Exercise objective:
Count every line below in which "with" occurs, then give only the count.

Information provided:
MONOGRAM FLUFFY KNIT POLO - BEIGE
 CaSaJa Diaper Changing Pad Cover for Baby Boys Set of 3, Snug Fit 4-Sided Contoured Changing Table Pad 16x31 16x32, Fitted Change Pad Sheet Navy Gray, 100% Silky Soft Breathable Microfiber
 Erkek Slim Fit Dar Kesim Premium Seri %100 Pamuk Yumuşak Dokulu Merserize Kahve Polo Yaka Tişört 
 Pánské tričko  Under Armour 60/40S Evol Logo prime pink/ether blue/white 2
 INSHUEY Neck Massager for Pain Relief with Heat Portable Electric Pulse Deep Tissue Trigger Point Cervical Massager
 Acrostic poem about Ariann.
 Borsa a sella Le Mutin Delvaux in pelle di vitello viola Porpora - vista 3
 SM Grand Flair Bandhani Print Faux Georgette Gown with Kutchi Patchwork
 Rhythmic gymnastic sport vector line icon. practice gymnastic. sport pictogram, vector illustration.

Response for this exercise:
2